The final step was debugging. Debugging the code in a systematic way is crucial in general and for future labs, since we have so much code to work with at once now. As such, adding a systematic way of debugging the code on both the Arduino and Python backends was important work to get out of the way sooner than later. To tackle this, I added a new deque for each characteristic sensor value (front ToF sensor, right ToF sensor, and IMU) that could store up to a specified max capacity number of recent sensor readings, alongside with the time at which the reading was taken. Though the times were not immediately useful for this lab, being able to store the sensor readings on the Python backend was a crucial step for data collection and manipulation for future labs, like the Kalman filters lab.

Sensor readings

Task A: Don’t Hit the Wall!!

With all the setup out of the way, the main portion was all that was left for this week’s lab. I opted to implement the first task, which was designing a PID controller to regulate the robot’s velocity in such a way that it stops as accurately as possible 300mm from the wall. Though the goal of the lab is pretty straightforward, the challenge arose from two facts: first, the ToF sensor readings are not always reliable (i.e. the average sensor readings over time do not always correspond to the instantaneous readings due to high variance and noise); second, overshooting the setpoint from the wall is a real possibility that has to be dealt with.

To overcome these challenges, I had to tune my PID values for the controller to adjust for different scenarios correctly.
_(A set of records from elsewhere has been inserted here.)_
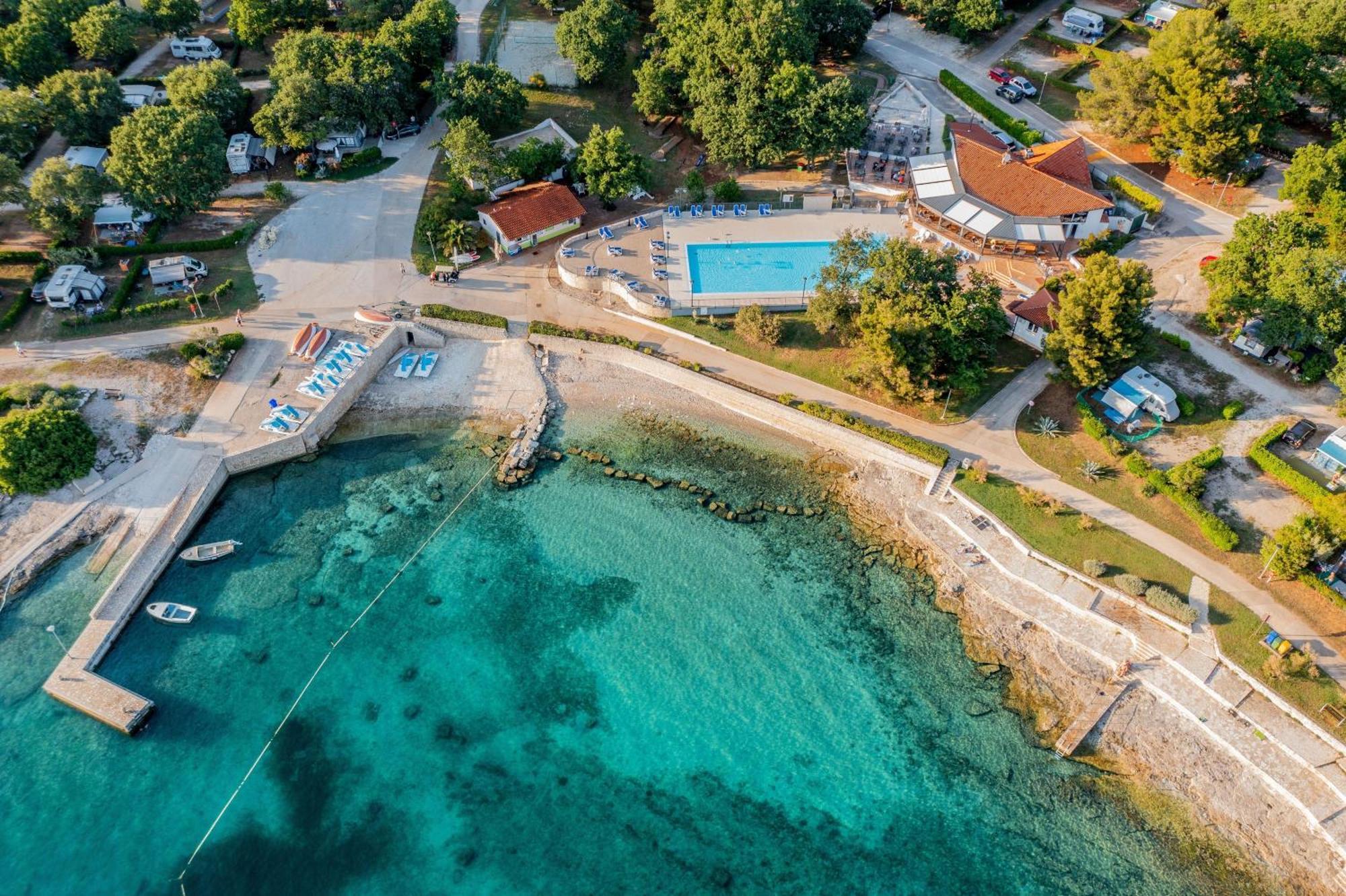 Mobile Homes Casapini In Fkk Camping Solaris Πόρετς Εξωτερικό φωτογραφία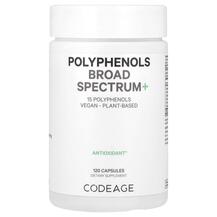 Polyphenols Broad Spectrum Травяные добавки CodeAge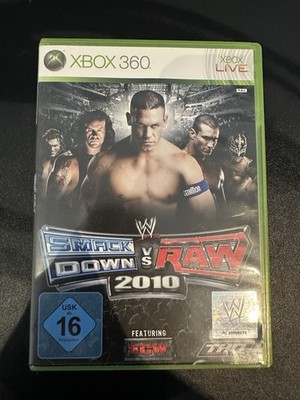 WWE Smackdown vs. Raw 2010 - Microsoft Xbox 360, 2010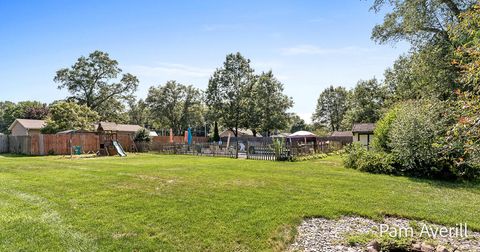 A home in Egelston Twp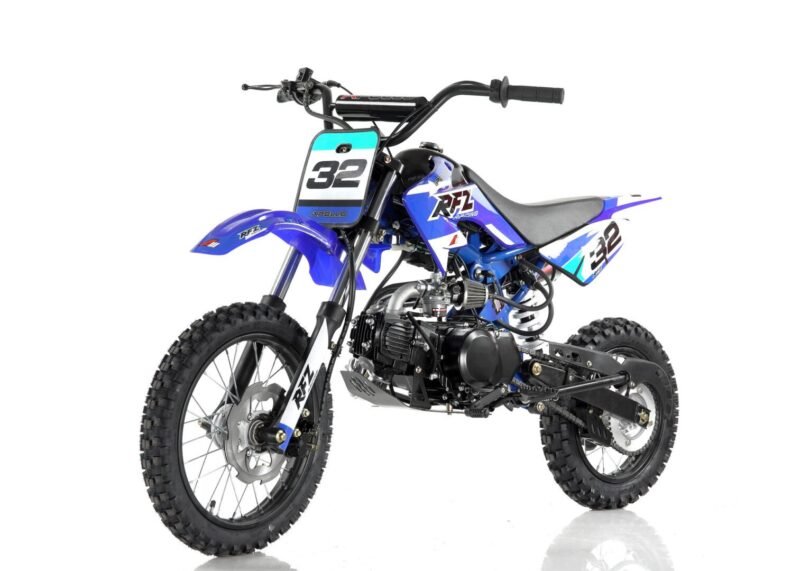 Apollo DB-32 110cc Dirt Bike, 4-Speed Semi-Automatic, 4-Stroke, Air Cooled For Sale - Image 2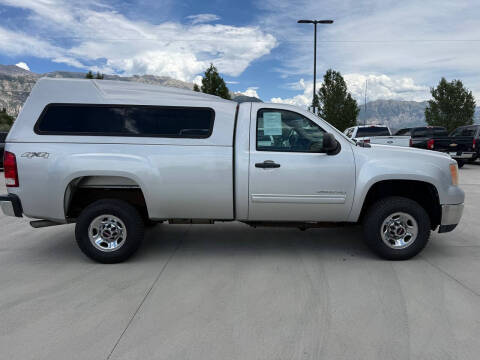 2010 GMC Sierra 2500HD SLE
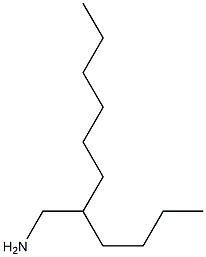 2-butyloctan-1-amine Structure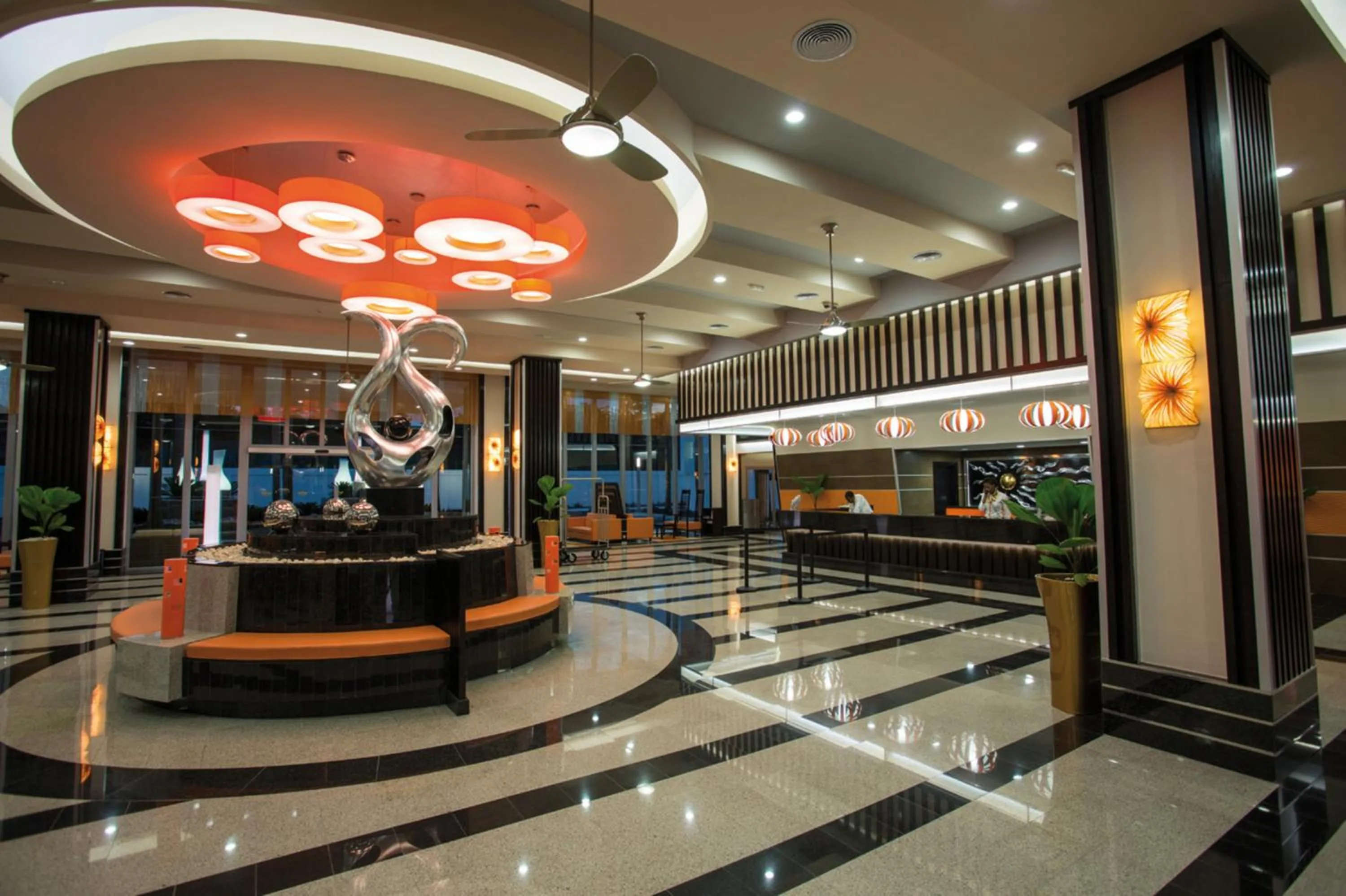 Lobby or reception in Riu Palace Jamaica - Adults Only - All Inclusive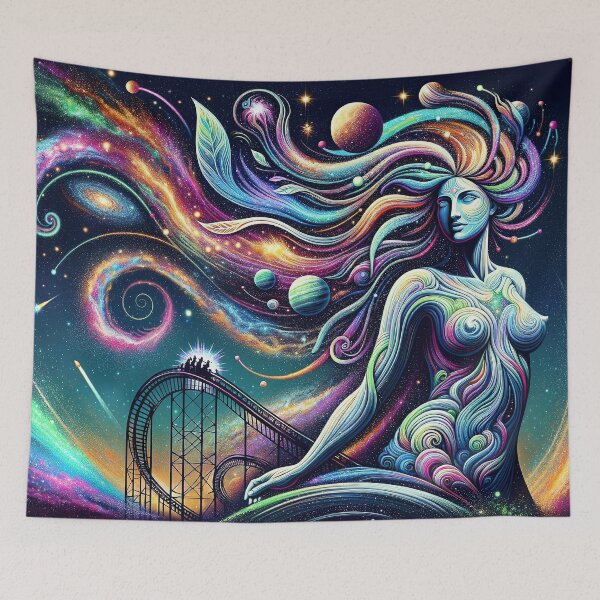 Item preview, Cosmic Aphrodite Goddess of Love and Beauty 1 designed and sold by FantasyCoasters.
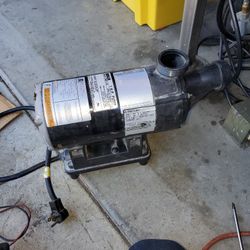 Jacuzzi Pump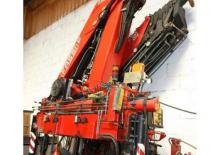 Grúas de carga hidráulicas Fassi F 220 AC 24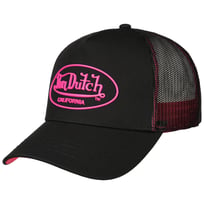 Print Rubber Fluo Trucker Cap by Von Dutch - &pound;30.95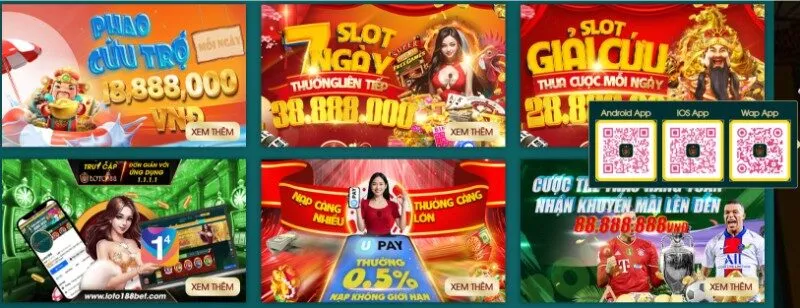 Tải app Loto188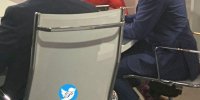 (عکس) جوراب صورتی نخست وزیر کانادا در جلسه جی۷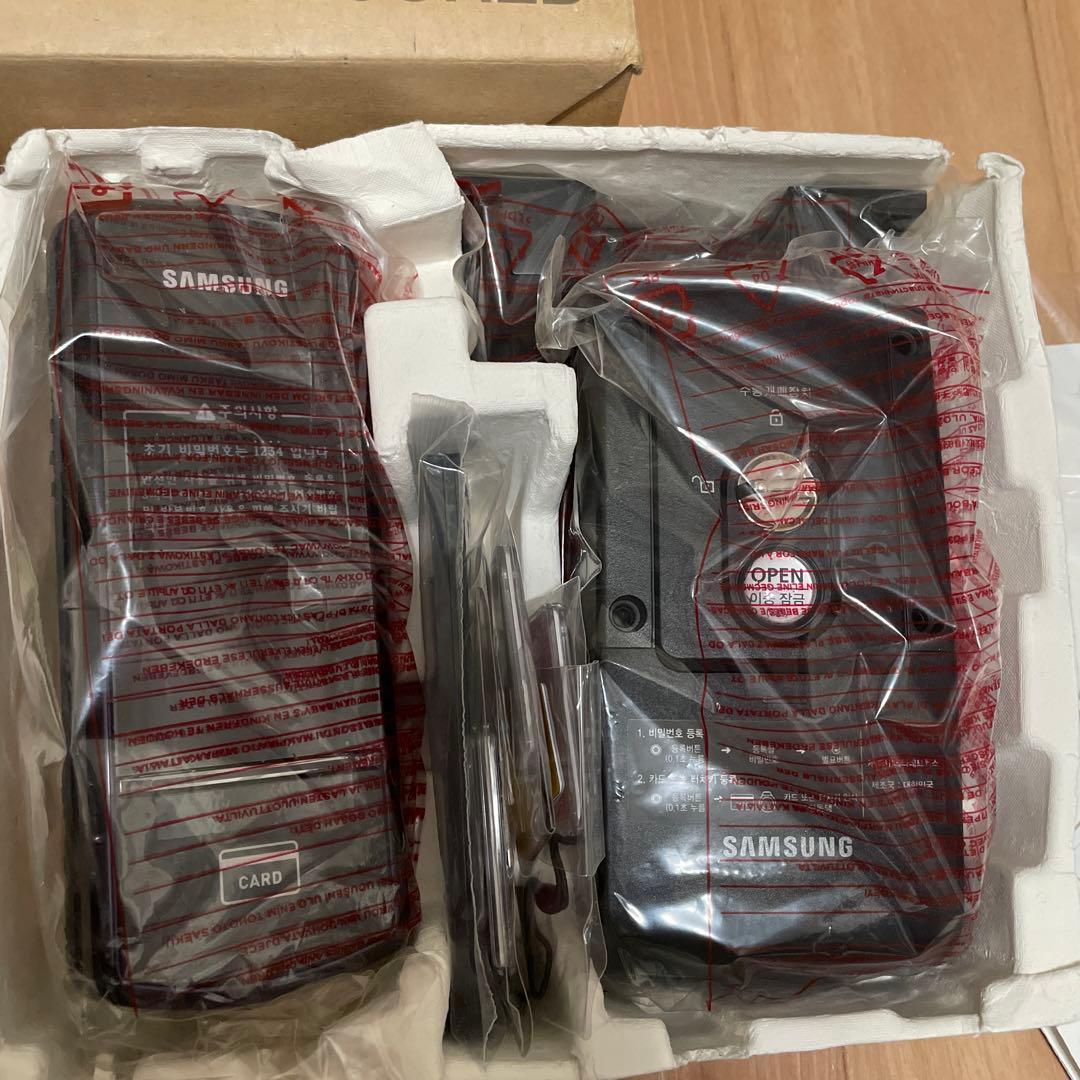 最終価格 スマートロック　サムスン　新品未使用　SHS-1321 玄関ドア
My first instinct was that I would need a high value for the integral and derivative values, but I was dead wrong. Because of the way I set up my PID controller to measure error proportional to the distance from the designated setpoint (300mm) based on the front ToF sensor reading, I realized that the integral term was practically useless as the accumulated error would be drastically high, especially if the robot started from a far distance away from the wall. The derivative term was less useless, but when I increased the coefficient value, it actually made the robot’s change in velocity (acceleration and deceleration) become slower. As a result, it was much harder to stop right at the setpoint and sometimes would even crash into the wall without stopping. So, even though I thought I would have to tune all three parameters to some nonzero constant value, I realized that the best way for the robot to come to a hard stop was just using a simple P controller, at least for the way I defined the PID error value. Using a simple K_p = 1 and K_i = K_d = 0 was what I ended up opting for.

However, as you can probably guess, using such a simple controller is not entirely sufficient to make the robot come to a hard stop due to overshoot. Overcoming this problem required extra intervention on regulating the velocity. What I ended up doing was dynamically changing the speed at which the robot moves by scaling the range of output velocities with respect to a reasonable set of input range values of the front ToF sensor readings. In other words, depending on how far the robot was from the setpoint, the speed was adjusted every time the sensor was sampled. As such, there was extremely small overshoot from the wall, and after some tuning of the ranges, I was able to get the robot to an almost nearly accurate hard stop at the desired setpoint of 300mm from the wall. Here are videos of the robot successfully doing its work:

Bloopers

When the PID controller works but the right motor moves too fast:

Wall of light! Still works… I guess?

…and I have no idea what happened here:

(Many wires were resoldered after this last trial run.)

Conclusion

Overall, a very work-intensive lab, but worthwhile all the same! Completing this lab allowed me to finally put together all the parts from the previous labs and as a result made the robot feel a lot more autonomous. I learned more about BLE communication, abstraction of functionality between the Python and Arduino backends, and how to use PID control to regulate precise speeds for the robot.